My Brother's Girl Read online

Page 2

“Eoin!” shouted a teenage boy who ducked under a woman’s arm to get to the front. “Eoin, can I get an autograph?”

  “Your autograph?” I asked the man called Eoin with a confused frown. “Why does he want your autograph?”

  But Eoin didn’t answer me as he stopped the approaching boy with a massive paw of a hand extended out in front of him.

  “Later, lad,” he said. “I have something very important to do right now.”

  Before I could ask him what exactly that was, Eoin pulled me into a massive hug that crushed my lungs and stole my breath. He rocked us back and forth there on the ice as I remained helpless with my arms pinned to my side. He finally released me, but only to hold me by the shoulders so he could lean back to get a better view of me.

  Attempting to push away his iron grip, I said, “Okay, so, one, are you famous? And two, please tell me that you didn’t just say soul—”

  “Fuck, darling dearest! You must be freezing!”

  Eoin immediately began stripping off his coat and then his sweater and then, I’m shitting you not, his t-shirt, leaving his very impressively chiselled chest naked save his snow-dotted scarf.

  Around me the crowd grew as whispers became louder and concern changed to excitement. A buzz took over as I heard his name on every lip.

  “Yeah, yeah, it’s him. It’s Eoin O’Sullivan.”

  “I told you! You called me a goddamn liar and I told you. Eoin O’Sullivan, Eoin Fucking O’Sullivan.”

  “Eoin O’Sullivan… Eoin O’Sullivan… Eoin O’Sullivan… Eoin, Eoin, Eoin O’Sullivan.”

  Dumbfounded, I could only stare as “Eoin Fucking O’Sullivan” piled his clothes on me like a shivering coat rack. My head tilted to the side as I studied him. Shite…this man wasn’t a stranger after all. I’d seen him before. I’d seen his face on a rugby poster in Andy’s office. His dark hair was hidden beneath his hat, but his green eyes, wide and boyish and sweet, were more than enough to recognise him by. Eoin O’Sullivan was a rising star for the All Ireland rugby team.

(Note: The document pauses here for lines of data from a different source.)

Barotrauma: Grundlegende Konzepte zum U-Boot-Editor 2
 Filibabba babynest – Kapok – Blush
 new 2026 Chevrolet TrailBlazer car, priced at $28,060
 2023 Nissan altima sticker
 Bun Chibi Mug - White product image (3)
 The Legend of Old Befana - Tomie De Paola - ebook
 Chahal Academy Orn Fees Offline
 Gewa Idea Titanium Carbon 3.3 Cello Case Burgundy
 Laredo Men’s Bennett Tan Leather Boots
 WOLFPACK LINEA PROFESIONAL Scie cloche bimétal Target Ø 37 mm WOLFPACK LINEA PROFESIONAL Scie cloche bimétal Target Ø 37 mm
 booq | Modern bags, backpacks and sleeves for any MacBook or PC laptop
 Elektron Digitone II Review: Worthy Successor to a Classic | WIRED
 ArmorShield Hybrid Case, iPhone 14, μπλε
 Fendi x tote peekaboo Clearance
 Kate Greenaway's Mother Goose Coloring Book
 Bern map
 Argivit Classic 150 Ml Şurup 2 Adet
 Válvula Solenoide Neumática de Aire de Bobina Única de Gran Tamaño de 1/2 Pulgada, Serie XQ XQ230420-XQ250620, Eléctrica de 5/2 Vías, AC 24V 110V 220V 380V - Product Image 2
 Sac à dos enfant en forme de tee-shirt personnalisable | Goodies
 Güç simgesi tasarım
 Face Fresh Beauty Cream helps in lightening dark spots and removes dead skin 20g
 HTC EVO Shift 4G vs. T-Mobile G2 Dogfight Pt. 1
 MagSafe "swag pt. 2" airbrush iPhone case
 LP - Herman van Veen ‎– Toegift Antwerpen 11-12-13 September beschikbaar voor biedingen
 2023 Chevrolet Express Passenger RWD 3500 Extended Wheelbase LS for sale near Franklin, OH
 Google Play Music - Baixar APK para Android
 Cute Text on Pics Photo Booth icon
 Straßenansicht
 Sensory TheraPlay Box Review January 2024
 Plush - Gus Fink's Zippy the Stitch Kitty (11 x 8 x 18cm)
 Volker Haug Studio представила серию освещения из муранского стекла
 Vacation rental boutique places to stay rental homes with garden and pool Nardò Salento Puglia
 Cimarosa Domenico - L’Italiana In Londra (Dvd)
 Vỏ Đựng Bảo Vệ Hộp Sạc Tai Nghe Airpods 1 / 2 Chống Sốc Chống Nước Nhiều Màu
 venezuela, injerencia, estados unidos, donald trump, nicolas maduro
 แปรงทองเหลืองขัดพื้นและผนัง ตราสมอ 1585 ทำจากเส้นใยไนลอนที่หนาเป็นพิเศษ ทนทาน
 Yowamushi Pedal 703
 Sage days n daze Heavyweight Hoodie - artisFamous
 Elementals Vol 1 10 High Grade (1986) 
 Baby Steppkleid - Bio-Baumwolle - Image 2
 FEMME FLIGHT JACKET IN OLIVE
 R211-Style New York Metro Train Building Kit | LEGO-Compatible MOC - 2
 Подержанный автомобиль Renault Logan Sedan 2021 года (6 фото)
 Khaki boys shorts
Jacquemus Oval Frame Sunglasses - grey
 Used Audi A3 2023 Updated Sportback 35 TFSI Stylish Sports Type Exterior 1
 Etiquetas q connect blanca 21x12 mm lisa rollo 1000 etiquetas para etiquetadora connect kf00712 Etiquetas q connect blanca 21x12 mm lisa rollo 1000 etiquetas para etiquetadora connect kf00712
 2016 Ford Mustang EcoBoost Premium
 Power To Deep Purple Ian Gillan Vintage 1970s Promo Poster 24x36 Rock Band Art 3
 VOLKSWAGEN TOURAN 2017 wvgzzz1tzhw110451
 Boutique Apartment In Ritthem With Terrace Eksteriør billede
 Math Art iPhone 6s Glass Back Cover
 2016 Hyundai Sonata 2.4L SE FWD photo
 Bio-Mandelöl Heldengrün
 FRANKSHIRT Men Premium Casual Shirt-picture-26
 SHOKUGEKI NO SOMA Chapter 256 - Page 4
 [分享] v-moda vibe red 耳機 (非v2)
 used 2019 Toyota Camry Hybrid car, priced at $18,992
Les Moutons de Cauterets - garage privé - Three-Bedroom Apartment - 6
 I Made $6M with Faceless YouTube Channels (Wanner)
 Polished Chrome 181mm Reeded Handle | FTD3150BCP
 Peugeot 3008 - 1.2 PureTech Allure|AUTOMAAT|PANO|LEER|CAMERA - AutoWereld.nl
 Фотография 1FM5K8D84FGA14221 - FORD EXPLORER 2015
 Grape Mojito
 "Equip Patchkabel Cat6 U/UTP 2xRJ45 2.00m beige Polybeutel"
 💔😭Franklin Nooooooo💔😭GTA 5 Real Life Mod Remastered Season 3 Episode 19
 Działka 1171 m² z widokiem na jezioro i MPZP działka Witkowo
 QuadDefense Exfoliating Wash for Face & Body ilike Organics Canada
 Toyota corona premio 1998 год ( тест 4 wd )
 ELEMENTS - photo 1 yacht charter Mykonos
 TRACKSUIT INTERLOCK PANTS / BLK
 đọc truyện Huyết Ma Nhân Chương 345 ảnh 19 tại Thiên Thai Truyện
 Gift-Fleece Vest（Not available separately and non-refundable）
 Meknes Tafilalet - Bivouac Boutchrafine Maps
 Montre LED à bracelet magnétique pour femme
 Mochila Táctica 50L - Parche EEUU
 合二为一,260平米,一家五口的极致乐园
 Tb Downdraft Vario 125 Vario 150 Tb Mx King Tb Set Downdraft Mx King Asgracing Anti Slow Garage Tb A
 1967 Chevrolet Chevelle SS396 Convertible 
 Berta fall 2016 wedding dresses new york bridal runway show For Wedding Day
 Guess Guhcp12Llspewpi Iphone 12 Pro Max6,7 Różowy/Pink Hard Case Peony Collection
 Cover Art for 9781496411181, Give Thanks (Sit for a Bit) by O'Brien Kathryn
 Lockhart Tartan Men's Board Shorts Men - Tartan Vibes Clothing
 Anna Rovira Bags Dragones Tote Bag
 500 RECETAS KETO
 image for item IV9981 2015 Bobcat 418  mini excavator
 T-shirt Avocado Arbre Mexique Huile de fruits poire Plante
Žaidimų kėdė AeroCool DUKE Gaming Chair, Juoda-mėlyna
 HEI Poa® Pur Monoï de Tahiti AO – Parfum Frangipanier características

And if I wasn’t mistaken, he had just pronounced his love for me.

  Christ.

  Shoving aside the arm of his wool coat so I could breathe, I lifted a finger and said, “Thanks, but, um, I’d like to go back to what you just said a second ago, if you don’t mind. Did you say soul—”

  “Shite! Are you guys alright?” Through the circle of people watching us and whispering excitedly to one another, a man burst through, hands digging anxiously through his hair. “I just lost control, fuck, I—are you alright? Hey, you’re Eoin O’Sullivan. Fuck, I almost killed Eoin O’Sullivan. You were brilliant in the Six Nations finals last year against England, you know? Jaysus, are you alright?”

  I held up my hands to calm down the mounting situation. “We’re fine,” I said. “Everyone is just fi—”

  “We are not fucking fine!”

  My eyes widened in confusion at the emotional outburst from the rugby star on the ice with me. The still growing crowd fell into a startled hush as Eoin pushed himself indignantly to his feet and threw his scarf back over his broad shoulders. “We are far from fine, my friend,” he boomed. “Far from fine, you hear?”

  Scrambling to my feet, I stepped in front of Eoin. “No, no,” I assured the driver, who stared at Eoin behind me with worry in his eyes. “We’re both fine. No harm, no foul. You can all go. We are fine, just fi—”

  “Wrong!” Eoin interrupted.

  Gloved hands reached into coat pockets and purses for cell phones that began to blink red lights, which meant, to my horror, that they were recording all of this. Flashes snapped from all directions so it was impossible to cover my face from all of them.

  “Should we call the police?” a woman in the crowd asked, phone already in her hand. “An ambulance?”

  “Call everyone,” Eoin ordered, circling his hand over his head. “Call every authority there is. Get everyone here right away. Call the goddamn prime minister.”

  I blindly reached behind me to cover this lunatic’s mouth as I desperately waved a hand at the woman. “Please, do not call anyone,” I begged. “Really, we’re just fine.”

  “Ladies and gentlemen!” Eoin called out so everyone in all of Cork could hear. “This stunning woman before you has clearly lost her mind.”

  Before I could reply, he twisted me around to face him, slid my hand to the searing hot skin over his heart, and kneeled in front of me.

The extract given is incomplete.